On the one hand, the demands of theory cannot be avoided. The emergence of a common movement among Mexican and U.S. radicals requires the ability to make claims about the social order—claims that do more than indict a particular story of a particular injustice. And indeed, to incorporate the lessons of the Mexican resistance into U.S. radical movements, one needs to be able to grasp what is universal about its accomplishments.

But the history of the Mexican resistance also needs to be understood in a way that emphasizes the centrality of ordinary people in the process of social change, whether they have risen up in arms or simply tried to keep food on the table. In short, our theoretical premises must (and can) be as radical as our political convictions.

These books provide valuable material for understanding the full breadth of the Mexican radical tradition—a tradition far deeper than normally indicated by the mainstream or Left media—and their contributions and shortcomings indicate some of the challenges we will face while envisioning a new revolutionary movement in the Americas.

[1] Vargas made this comment at a televised conference in Mexico City in September, 1990.

[2] Anarchists are not a factor in the popular movements examined by Gandy and Hodges. Although a mass anarchist movement existed in Mexico for many decades, anarchists became marginal in the 1930s. For a discussion of an attempt to revive the anarchist movement, see Chantal López and Omar Cortés, El Expreso: Un Intento de Acercamiento a la Federación Anarquista del Centro de la República Mexicana (1936–1944) (México, D.F.: Ediciones Antorcha, 1999).

[3] For a different approach, see John Lear, Workers, Neighbors, and Citizens: The Revolution in Mexico City (Lincoln: University of Nebraska Press, 2001). This book explores the tradition of resistance and independent organization among urban poor and workers in Mexico City from the 1910 revolution into the early 1920s. It also has valuable commentary on anarchist activity during this period, particularly that associated with the Casa del Obrero Mundial (House of the World Worker).

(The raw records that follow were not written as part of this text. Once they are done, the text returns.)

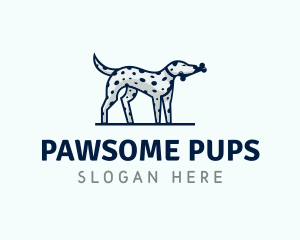 Dalmatian Dog Pet Bone logo design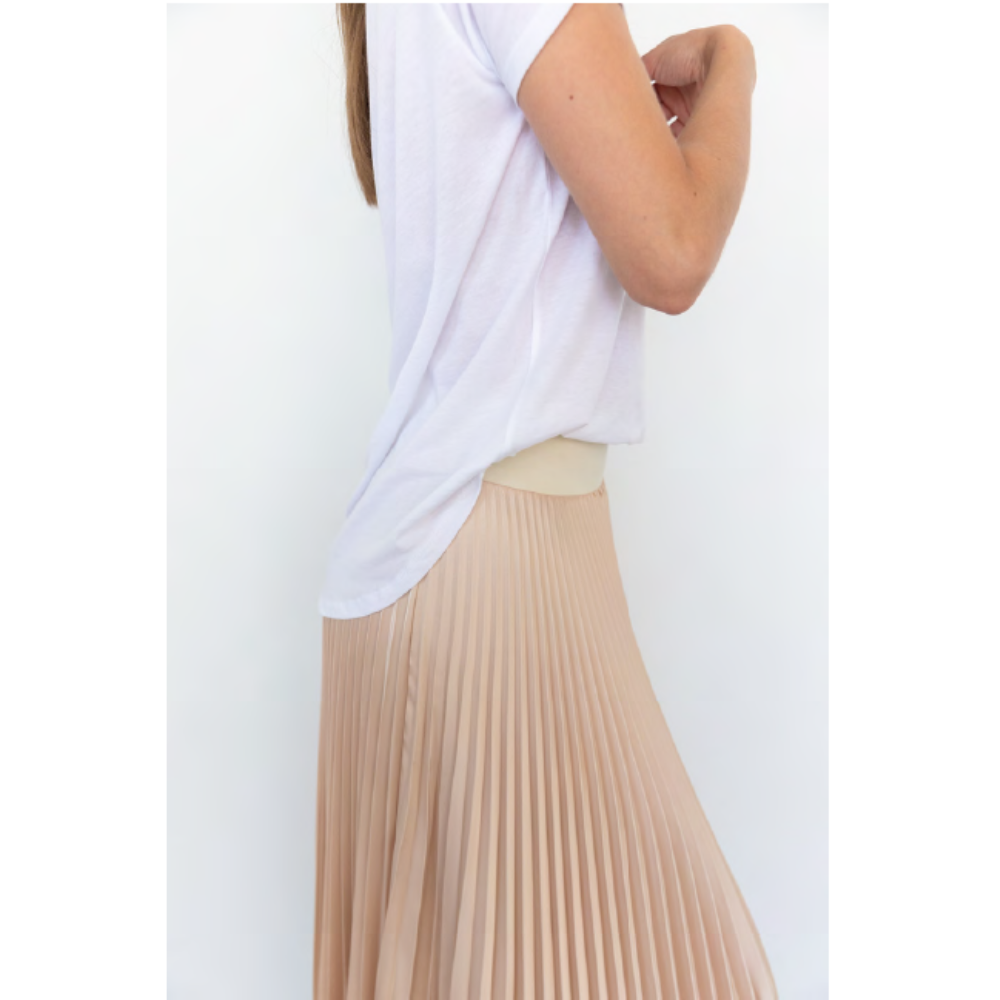 Benedetto Satin Midi in Taupe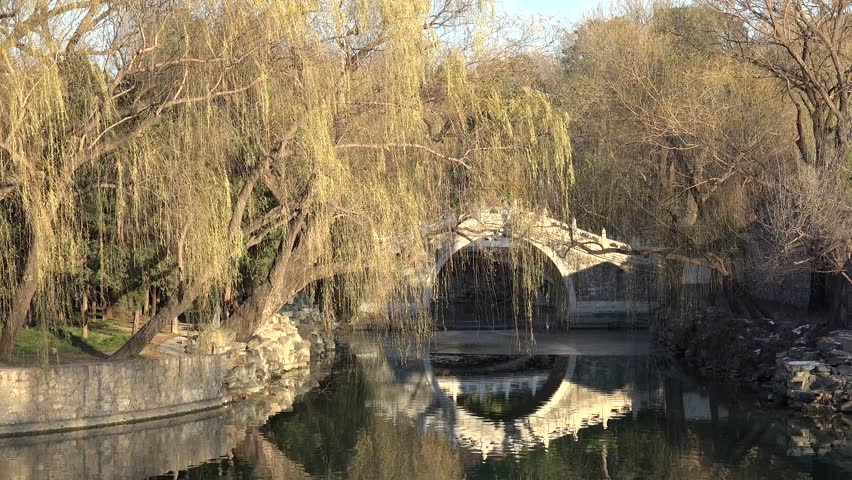 Stone arc bridge over the canal in Summer palace.  Beijing,  China.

[4] An emphasis on popular self-organization would draw attention to the massive earthquake of 1985. This disaster killed more than ten thousand people and ruined vast portions of Mexico City. The state’s response to this calamity was profoundly inept and often cynical, whereas self-organized citizens’ groups emerged to play a vital role in the rescue. The combination of state incompetence and popular self-activity dealt a withering blow to the legitimacy of the PRI—with more lasting consequences than many of the Left groups examined in Mexico under Siege—and ignited a militant urban movement. Bill Weinberg comments on this by noting that since the calamity, “Mexico has seen a renaissance of popular movements linked to neither the ruling nor opposition parties” (Homage to Chiapas: The New Indigenous Struggles in Mexico [London: Verso, 2000], 202).